[What to work on]
Among the entries below, find every line that contains the string "Building", then copy it.

(Dataset records)
▶

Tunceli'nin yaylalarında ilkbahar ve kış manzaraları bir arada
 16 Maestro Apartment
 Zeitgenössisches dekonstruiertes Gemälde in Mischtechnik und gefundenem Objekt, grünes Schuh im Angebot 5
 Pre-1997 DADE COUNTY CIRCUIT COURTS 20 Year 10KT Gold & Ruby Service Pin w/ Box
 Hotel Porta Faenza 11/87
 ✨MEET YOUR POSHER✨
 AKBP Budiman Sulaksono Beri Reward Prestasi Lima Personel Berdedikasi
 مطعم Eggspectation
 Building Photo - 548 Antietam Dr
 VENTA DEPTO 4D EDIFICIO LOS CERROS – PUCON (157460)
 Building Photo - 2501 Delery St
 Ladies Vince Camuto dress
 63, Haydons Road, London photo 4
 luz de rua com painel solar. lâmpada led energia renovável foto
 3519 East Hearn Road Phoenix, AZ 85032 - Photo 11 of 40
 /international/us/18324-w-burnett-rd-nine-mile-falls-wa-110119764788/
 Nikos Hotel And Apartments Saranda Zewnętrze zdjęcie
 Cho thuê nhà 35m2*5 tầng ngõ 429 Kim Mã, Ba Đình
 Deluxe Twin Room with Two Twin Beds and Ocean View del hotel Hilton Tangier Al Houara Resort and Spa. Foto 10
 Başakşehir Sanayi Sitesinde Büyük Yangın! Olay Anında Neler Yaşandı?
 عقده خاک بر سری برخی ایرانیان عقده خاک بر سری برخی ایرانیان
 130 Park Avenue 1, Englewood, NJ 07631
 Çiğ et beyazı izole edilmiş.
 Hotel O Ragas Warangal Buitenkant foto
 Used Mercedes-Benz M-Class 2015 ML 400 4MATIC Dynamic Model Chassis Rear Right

◀

[Task response]
 Building Photo - 548 Antietam Dr
 Building Photo - 2501 Delery St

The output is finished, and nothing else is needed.